Author: Kan PB, Hirst MA, Feldman D.
Journal: J Steroid Biochem; 1985 Dec; 23(6A):1023-9. PubMed ID: 3841572.
Abstract:
Ketoconazole, an imidazole antifungal drug, has previously been shown to diminish testosterone and cortisol production in patients as well as rat and mouse cells in vitro. Inhibition of adrenal mitochondrial cytochrome P-450 enzymes was demonstrated. In this study we tested several imidazole antifungal drugs and examined the individual steps in testicular steroidogenesis to determine which enzymes in the androgen pathway were blocked. In addition, we studied 25-hydroxyvitamin D 24-hydroxylase activity in cultured pig kidney cells (LLC-PK1) to assess a mitochondrial P-450 enzyme in another organ. All imidazoles tested inhibited both total testosterone production and 24-hydroxylase activity but the relative potencies differed. We next studied the individual testicular enzymatic steps between cholesterol and testosterone. Ketoconazole inhibited cholesterol-side-chain-cleavage enzyme (mitochondrial) and C-17,20 lyase (microsomal). The three inhibited enzymes (two testicular and one renal) are all P-450 cytochromes.

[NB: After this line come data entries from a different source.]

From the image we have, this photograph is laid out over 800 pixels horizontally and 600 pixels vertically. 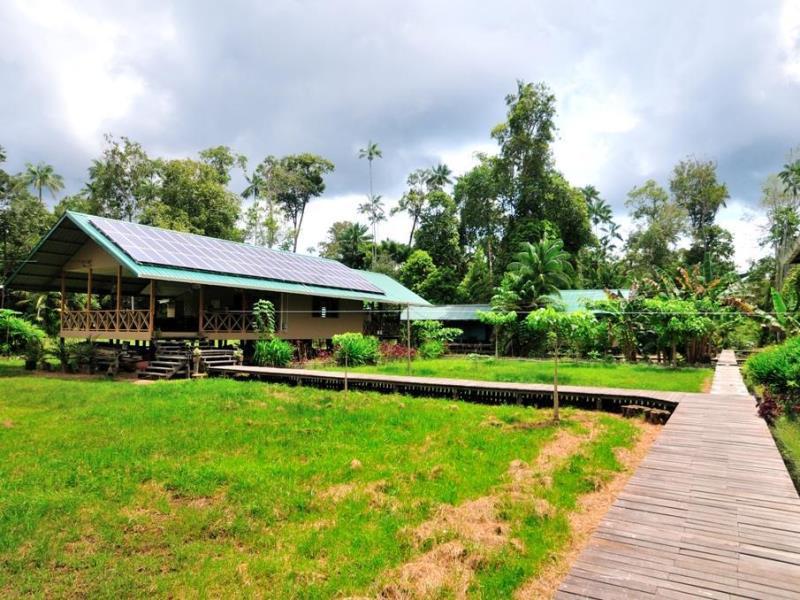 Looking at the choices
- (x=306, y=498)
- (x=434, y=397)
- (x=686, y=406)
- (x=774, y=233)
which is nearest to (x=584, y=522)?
(x=306, y=498)

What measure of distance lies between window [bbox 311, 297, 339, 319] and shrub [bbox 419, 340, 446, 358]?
14.9 ft

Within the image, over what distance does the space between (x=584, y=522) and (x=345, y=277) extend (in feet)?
Result: 68.9

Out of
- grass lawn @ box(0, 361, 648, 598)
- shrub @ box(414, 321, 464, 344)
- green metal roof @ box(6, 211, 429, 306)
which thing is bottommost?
grass lawn @ box(0, 361, 648, 598)

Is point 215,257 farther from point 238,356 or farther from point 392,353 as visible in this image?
point 392,353

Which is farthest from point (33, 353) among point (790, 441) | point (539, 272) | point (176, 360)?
point (790, 441)

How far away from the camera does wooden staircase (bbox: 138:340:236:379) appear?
637 inches

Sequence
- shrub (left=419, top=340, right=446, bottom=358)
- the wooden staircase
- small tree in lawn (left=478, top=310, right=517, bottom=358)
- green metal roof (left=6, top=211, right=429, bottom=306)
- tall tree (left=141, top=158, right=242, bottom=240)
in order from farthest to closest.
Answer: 1. tall tree (left=141, top=158, right=242, bottom=240)
2. shrub (left=419, top=340, right=446, bottom=358)
3. small tree in lawn (left=478, top=310, right=517, bottom=358)
4. the wooden staircase
5. green metal roof (left=6, top=211, right=429, bottom=306)

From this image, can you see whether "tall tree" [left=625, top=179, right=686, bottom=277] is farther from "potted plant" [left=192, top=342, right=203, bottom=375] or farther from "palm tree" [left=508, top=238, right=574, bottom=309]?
"potted plant" [left=192, top=342, right=203, bottom=375]

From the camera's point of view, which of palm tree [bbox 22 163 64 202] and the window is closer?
the window

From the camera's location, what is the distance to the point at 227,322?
18.9 m

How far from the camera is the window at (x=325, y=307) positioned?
2339 cm

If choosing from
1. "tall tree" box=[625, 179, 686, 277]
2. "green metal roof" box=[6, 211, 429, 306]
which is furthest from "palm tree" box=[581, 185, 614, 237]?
"green metal roof" box=[6, 211, 429, 306]

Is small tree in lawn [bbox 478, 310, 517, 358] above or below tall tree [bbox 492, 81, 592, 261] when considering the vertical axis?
below

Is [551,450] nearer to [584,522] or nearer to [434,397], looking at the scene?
[584,522] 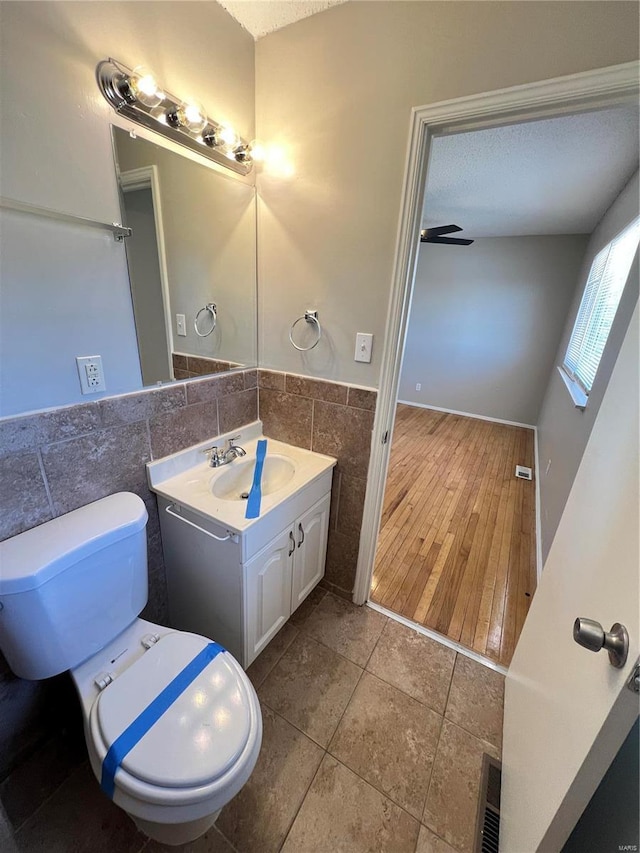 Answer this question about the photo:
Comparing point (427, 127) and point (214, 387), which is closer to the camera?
point (427, 127)

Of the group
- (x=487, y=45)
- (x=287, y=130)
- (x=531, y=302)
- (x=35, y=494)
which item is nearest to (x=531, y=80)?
(x=487, y=45)

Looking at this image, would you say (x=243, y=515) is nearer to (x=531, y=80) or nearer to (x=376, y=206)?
(x=376, y=206)

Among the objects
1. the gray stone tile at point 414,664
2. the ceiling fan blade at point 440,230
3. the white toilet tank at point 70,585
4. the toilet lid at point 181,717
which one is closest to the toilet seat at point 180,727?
the toilet lid at point 181,717

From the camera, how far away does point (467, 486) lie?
9.83 ft

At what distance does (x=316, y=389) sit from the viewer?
153 centimetres

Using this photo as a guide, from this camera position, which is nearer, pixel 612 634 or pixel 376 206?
pixel 612 634

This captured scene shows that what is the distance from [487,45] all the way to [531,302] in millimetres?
3839

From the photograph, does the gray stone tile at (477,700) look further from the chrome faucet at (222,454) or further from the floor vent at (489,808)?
the chrome faucet at (222,454)

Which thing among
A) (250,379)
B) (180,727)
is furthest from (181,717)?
(250,379)

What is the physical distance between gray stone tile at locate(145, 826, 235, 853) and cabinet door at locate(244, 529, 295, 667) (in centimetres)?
43

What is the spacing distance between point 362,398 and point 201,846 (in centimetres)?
151

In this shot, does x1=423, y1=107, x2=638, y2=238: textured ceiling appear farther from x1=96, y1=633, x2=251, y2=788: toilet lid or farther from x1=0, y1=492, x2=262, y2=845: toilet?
x1=96, y1=633, x2=251, y2=788: toilet lid

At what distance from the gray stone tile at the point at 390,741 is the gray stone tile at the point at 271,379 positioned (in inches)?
53.4

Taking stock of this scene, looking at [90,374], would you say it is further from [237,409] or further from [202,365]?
→ [237,409] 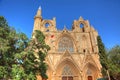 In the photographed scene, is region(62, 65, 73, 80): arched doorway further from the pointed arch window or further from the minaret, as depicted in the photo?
the minaret

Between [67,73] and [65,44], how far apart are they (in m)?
8.31

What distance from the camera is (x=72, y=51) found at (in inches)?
1292

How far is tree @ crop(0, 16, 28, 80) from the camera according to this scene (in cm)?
1399

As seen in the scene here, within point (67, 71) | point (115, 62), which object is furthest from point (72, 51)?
point (115, 62)

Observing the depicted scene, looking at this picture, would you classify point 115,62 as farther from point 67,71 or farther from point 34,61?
point 34,61

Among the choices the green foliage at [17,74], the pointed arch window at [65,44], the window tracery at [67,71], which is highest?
the pointed arch window at [65,44]

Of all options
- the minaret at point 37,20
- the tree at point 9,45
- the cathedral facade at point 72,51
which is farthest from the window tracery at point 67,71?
the tree at point 9,45

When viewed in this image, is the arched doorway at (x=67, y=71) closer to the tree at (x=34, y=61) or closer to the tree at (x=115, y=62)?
the tree at (x=115, y=62)

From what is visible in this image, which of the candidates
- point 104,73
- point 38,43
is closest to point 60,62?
point 104,73

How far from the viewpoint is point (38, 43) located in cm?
1658

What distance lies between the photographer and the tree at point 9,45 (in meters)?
14.0

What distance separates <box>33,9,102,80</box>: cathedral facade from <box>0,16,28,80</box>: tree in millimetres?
13548

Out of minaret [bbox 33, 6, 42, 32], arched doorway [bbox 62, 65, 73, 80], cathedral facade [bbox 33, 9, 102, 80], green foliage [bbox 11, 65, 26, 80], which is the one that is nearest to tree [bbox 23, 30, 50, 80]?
green foliage [bbox 11, 65, 26, 80]

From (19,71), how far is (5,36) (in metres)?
5.22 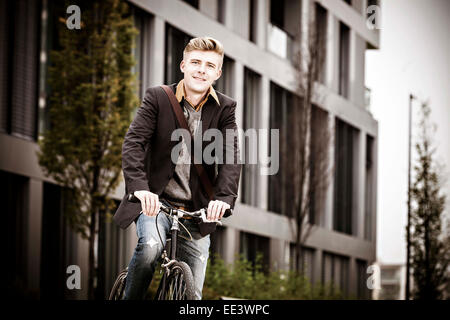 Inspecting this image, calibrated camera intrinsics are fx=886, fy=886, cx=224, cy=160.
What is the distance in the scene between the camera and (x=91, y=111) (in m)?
15.0

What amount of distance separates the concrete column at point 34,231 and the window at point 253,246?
7808mm

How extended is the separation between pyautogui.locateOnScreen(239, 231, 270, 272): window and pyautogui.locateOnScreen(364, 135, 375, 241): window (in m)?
6.77

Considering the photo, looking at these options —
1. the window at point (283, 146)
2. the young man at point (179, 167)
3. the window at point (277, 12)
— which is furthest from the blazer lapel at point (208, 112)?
the window at point (277, 12)

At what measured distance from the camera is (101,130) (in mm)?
14766

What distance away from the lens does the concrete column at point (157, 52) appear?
18672 mm

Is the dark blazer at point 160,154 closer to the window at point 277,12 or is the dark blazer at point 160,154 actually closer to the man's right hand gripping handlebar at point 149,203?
the man's right hand gripping handlebar at point 149,203

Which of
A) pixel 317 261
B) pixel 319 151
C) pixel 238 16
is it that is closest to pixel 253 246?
pixel 319 151

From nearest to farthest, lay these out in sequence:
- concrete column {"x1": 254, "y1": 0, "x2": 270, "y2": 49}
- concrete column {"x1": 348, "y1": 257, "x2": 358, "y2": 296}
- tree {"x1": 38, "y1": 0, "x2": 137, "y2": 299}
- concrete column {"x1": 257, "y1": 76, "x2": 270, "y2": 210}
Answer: tree {"x1": 38, "y1": 0, "x2": 137, "y2": 299}, concrete column {"x1": 257, "y1": 76, "x2": 270, "y2": 210}, concrete column {"x1": 254, "y1": 0, "x2": 270, "y2": 49}, concrete column {"x1": 348, "y1": 257, "x2": 358, "y2": 296}

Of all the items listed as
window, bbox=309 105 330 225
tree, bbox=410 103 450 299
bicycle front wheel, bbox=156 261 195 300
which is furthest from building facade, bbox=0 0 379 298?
bicycle front wheel, bbox=156 261 195 300

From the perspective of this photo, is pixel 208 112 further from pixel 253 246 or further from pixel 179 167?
pixel 253 246

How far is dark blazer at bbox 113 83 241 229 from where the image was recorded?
183 inches

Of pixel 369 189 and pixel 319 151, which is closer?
pixel 319 151

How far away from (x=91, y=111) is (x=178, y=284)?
1076cm

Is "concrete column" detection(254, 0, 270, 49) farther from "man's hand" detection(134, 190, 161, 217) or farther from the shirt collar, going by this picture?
"man's hand" detection(134, 190, 161, 217) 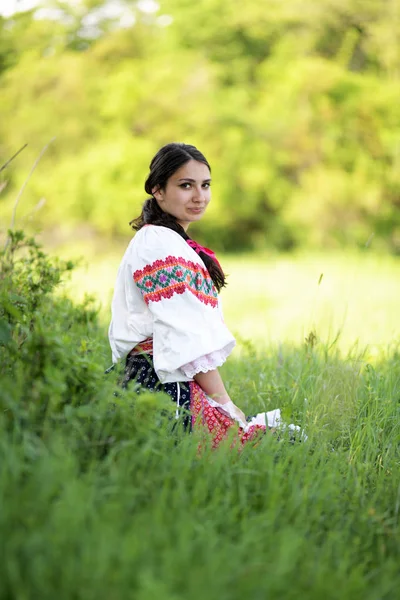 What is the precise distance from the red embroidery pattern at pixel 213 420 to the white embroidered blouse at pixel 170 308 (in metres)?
0.08

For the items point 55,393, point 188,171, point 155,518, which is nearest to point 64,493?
point 155,518

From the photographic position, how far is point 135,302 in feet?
7.98

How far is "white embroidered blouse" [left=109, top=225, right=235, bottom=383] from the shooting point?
2.30m

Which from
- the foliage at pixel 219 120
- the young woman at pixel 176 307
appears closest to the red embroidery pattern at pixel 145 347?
the young woman at pixel 176 307

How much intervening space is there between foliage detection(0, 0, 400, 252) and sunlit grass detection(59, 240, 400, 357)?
6.16 feet

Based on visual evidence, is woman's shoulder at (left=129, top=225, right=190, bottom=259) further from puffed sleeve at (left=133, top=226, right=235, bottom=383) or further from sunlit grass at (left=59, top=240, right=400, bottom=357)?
sunlit grass at (left=59, top=240, right=400, bottom=357)

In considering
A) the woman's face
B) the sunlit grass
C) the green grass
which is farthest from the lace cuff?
the sunlit grass

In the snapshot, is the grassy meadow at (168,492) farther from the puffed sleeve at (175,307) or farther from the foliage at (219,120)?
the foliage at (219,120)

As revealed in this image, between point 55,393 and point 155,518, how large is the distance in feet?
1.37

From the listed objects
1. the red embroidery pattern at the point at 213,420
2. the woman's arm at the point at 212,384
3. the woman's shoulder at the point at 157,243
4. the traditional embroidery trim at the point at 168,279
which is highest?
the woman's shoulder at the point at 157,243

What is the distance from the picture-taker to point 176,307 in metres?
2.31

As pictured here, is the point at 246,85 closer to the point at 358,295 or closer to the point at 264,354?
the point at 358,295

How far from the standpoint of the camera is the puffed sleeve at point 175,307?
7.52ft

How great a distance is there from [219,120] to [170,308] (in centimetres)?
1417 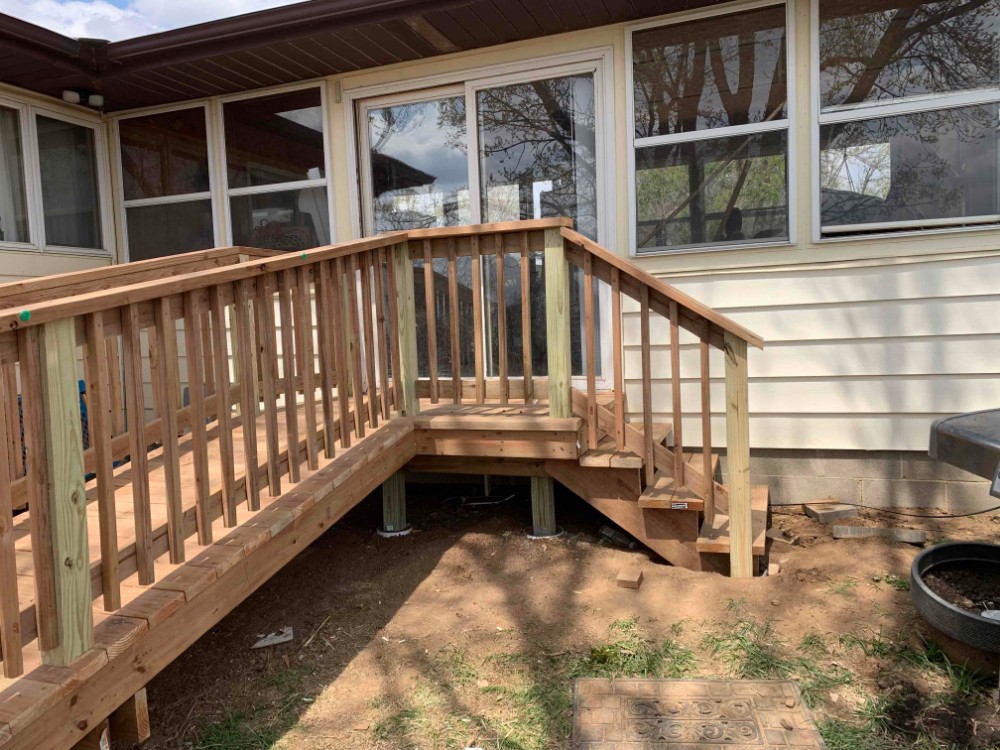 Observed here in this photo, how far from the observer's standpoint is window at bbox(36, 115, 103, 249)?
5465 millimetres

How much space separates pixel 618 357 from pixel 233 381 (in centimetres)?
276

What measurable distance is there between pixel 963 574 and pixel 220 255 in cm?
397

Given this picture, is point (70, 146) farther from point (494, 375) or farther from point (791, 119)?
point (791, 119)

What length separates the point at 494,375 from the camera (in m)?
5.08

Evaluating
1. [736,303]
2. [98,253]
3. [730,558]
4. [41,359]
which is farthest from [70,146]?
[730,558]

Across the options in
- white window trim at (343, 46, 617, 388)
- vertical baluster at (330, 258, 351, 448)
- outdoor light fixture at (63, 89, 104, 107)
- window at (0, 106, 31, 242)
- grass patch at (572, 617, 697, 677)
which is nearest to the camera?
grass patch at (572, 617, 697, 677)

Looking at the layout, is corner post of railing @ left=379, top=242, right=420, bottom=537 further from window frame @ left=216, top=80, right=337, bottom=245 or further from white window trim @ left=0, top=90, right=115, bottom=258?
white window trim @ left=0, top=90, right=115, bottom=258

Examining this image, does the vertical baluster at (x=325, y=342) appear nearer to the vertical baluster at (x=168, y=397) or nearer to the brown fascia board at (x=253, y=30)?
the vertical baluster at (x=168, y=397)

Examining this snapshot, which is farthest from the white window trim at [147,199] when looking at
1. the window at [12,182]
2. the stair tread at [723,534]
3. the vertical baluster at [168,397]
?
the stair tread at [723,534]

Testicular 17-hydroxylase, also a P-450 cytochrome, was not inhibited even at high doses of ketoconazole. This is an interesting finding because the testicular hydroxylase and lyase have been shown to be a single protein. Non-cytochrome P-450 enzymes in the androgen pathway were not inhibited. The results demonstrate that several imidazole antifungal drugs all inhibit both microsomal and mitochondrial cytochrome P-450 enzymes in multiple organs.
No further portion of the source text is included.